Only 18% of insurance organisations considered data masters
While close to half of all insurance firms believe they are implementing data-driven product development and using it for risk insights, a new study has found less than one-fifth are actually ‘data-masters.’ In fact, the vast majority of insurance firms are still ‘data laggards,’ possibly because many firms neglect employee behaviours during digital transformation campaigns.
Insurers that are able to make the best use of data are already winning market share, improving key ratios and generating superior risk intelligence. However, a report from the Capgemini Research Institute has suggested many firms may be further behind their data journey than they think.
In a report titled ‘Data-Powered Insurer: Unlocking the Data Premium at Speed and Scale’, Capgemini interviewed 510 insurance executives at 204 insurance organisations with at least one data specialist. Overall, the researchers found that a sizeable minority of firms have implemented or are implementing new data measures in order to open up new markets, or improve coverage for old ones.
For example, 44% said they were using advanced analytics to enter niche markets or segments deemed too risky in the past, while 40% said they were developing new features and coverages in traditional products.

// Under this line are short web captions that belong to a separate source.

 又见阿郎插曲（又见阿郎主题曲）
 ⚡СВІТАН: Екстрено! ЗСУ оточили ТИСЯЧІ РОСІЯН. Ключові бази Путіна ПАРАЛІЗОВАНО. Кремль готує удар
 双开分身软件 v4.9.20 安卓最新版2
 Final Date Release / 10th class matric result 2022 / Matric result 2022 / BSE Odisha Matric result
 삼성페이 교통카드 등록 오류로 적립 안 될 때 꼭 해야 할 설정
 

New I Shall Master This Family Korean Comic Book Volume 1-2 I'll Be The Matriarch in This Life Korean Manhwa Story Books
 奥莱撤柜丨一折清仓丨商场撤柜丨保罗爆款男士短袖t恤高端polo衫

Another data-driven product development was seeing 39% of insurers shift from protection to prevention.
Elsewhere, a similar number of firms were using data to provide risk insights, which they can remodel their businesses around. Almost half of all life and health insurance firms were moving towards deeper segmentation of consumers based on data-driven risk pricing, for example, while a further 43% of the same segment were using data insight to model for new or emerging risks based on data from diverse internal and external sources – and with climate change, economic turmoil and a global pandemic having shown how quickly new risks can evolve, that could prove to be a very important capacity for insurers.

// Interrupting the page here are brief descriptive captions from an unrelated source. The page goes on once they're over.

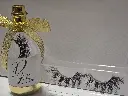 20241124_164134.webp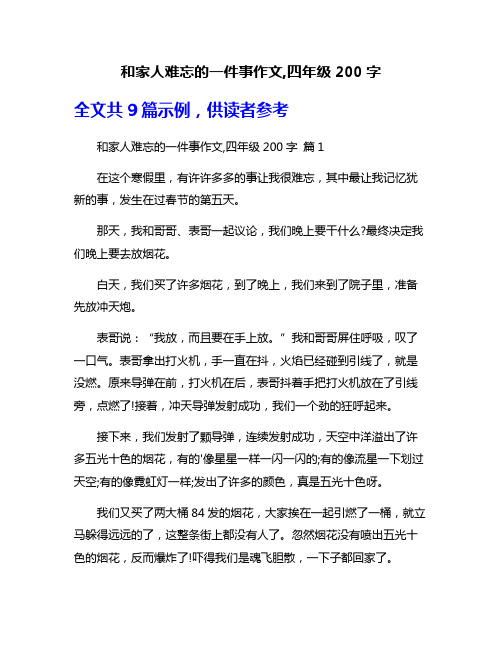 和家人难忘的一件事作文,四年级200字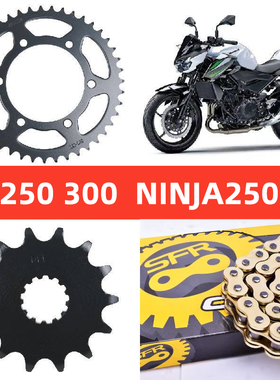 适配川崎小忍者Z250 EX300 NINJA400R摩托车链轮套链条大牙盘改装
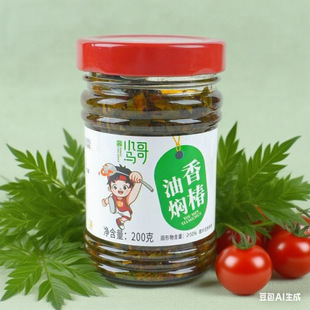С�R��ϵ��200��/ƿ�͠F�㴻����u�����A�z�^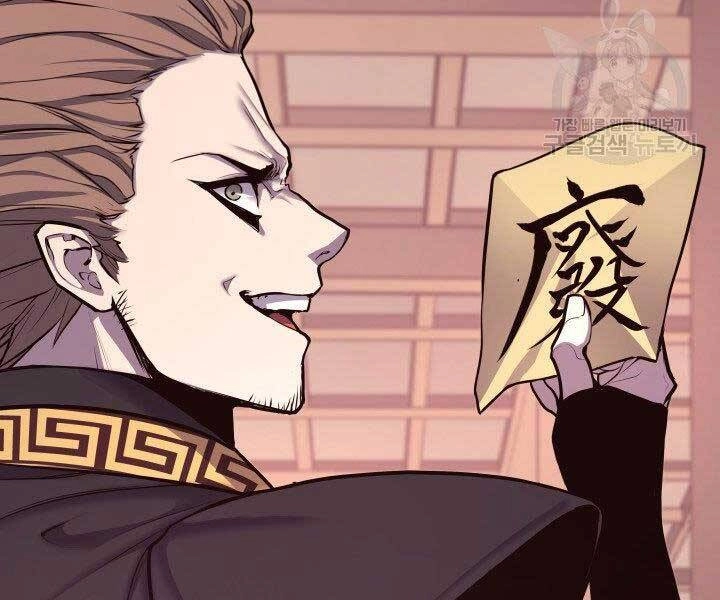 Tử Thần Phiêu Nguyệt Chapter 17 - 183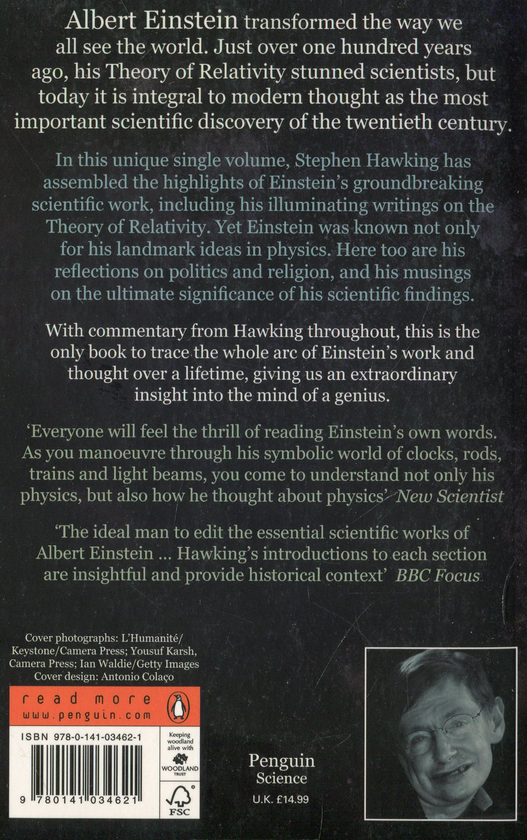 Паперова книга «The Essential Einstein: His Greatest Works », авторів Альберт Ейнштейн, Стівен Гокінґ - фото №1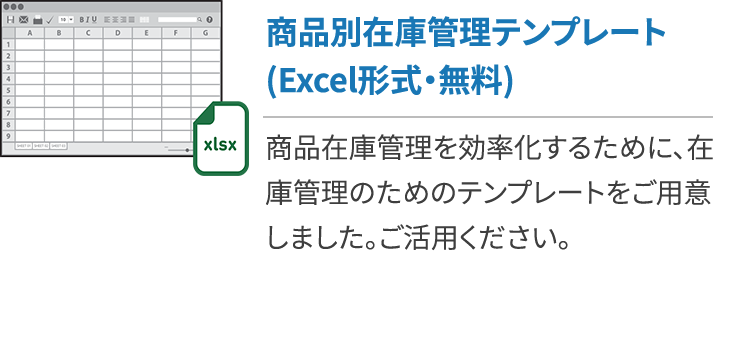 アパレル業界の在庫管理が難しい4つの理由と改善案 クラウドerp実践ポータル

At the same time, with InsurTech challengers disrupting the market, traditional industry incumbents will need to digitalise their services to avoid losing further market share to data-savvy competitors. To that end, Seth Rachlin, Global Insurance Industry Leader at Capgemini, noted that insurance firms can only compete with InsurTech by “embracing a data-driven approach to win market share, improve key ratios, and generate superior risk intelligence.”
With that being said, however, only 18% of insurance companies are what Capgemini would define as ‘digital masters.’ These organisations typically showcase three differences: 62% collaborate with InsurTechs; 97% have created open application programming interfaces to allow external parties to access data; and 92% have a centralised governance or facilitation body.
This third factor may have a particular impact – as without readying staff for adapting to new ways of working, any transformation can fall short. In this case, fostering a strong data culture across the organisation by adopting and encouraging employees to use data is crucial – but without putting in place bodies to facilitate behavioural change in the workforce, firms render it much more difficult to ascend to the status of data master. To that end, 70% are currently categorised instead as ‘data laggards’ by Capgemini.
Highlighting the potential gains of culture-led change, Ramana Bhandaru, Global Financial Services Insights & Data Leader at Capgemini, stated, “Only 18% of insurance organisations have both the technical capabilities, as well as culture and behaviours to support data-driven programs that derive full value from the growing volume of data… These organisations are referred to as ‘data masters’ and they are considerably larger than their peers, with most averaging over $20 billion in revenue.”